[Short descriptive text snippets]
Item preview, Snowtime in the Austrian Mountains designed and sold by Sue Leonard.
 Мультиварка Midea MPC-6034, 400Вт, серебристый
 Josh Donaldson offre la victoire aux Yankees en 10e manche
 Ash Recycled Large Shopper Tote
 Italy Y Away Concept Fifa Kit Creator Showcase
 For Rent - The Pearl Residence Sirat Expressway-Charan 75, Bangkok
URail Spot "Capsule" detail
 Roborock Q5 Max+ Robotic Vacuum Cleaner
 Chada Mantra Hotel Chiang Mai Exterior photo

Instructions for the task
Type out the records above again, exactly the same.

Task answer
Item preview, Snowtime in the Austrian Mountains designed and sold by Sue Leonard.
 Мультиварка Midea MPC-6034, 400Вт, серебристый
 Josh Donaldson offre la victoire aux Yankees en 10e manche
 Ash Recycled Large Shopper Tote
 Italy Y Away Concept Fifa Kit Creator Showcase
 For Rent - The Pearl Residence Sirat Expressway-Charan 75, Bangkok
URail Spot "Capsule" detail
 Roborock Q5 Max+ Robotic Vacuum Cleaner
 Chada Mantra Hotel Chiang Mai Exterior photo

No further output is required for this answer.